PROBLEM REQUIREMENTS: Tally the lines in the data that follows that include the word "quartos", and report nothing but the total.

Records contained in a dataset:
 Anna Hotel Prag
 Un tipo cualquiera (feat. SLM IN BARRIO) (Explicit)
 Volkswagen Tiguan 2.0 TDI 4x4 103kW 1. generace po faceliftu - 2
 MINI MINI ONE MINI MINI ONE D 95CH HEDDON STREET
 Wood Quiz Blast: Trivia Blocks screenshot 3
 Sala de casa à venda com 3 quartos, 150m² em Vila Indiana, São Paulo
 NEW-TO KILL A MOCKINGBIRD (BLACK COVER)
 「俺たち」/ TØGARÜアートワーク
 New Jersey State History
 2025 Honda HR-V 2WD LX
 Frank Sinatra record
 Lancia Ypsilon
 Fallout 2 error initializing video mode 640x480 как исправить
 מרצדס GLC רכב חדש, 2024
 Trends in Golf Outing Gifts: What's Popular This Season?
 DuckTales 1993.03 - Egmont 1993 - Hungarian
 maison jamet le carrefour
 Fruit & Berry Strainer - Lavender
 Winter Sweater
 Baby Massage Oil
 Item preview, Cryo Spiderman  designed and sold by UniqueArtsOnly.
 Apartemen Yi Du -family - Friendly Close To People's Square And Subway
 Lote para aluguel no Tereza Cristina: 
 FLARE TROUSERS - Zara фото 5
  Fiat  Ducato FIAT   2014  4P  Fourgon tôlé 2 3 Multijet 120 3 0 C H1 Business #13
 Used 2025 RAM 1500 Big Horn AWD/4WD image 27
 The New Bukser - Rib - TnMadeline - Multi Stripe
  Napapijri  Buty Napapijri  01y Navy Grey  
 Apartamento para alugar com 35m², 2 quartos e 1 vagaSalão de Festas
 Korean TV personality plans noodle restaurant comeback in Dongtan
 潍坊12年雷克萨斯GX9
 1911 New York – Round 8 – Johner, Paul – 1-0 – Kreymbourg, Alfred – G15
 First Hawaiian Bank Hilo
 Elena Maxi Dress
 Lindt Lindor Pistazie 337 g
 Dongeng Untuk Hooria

EXERCISE SOLUTION: 2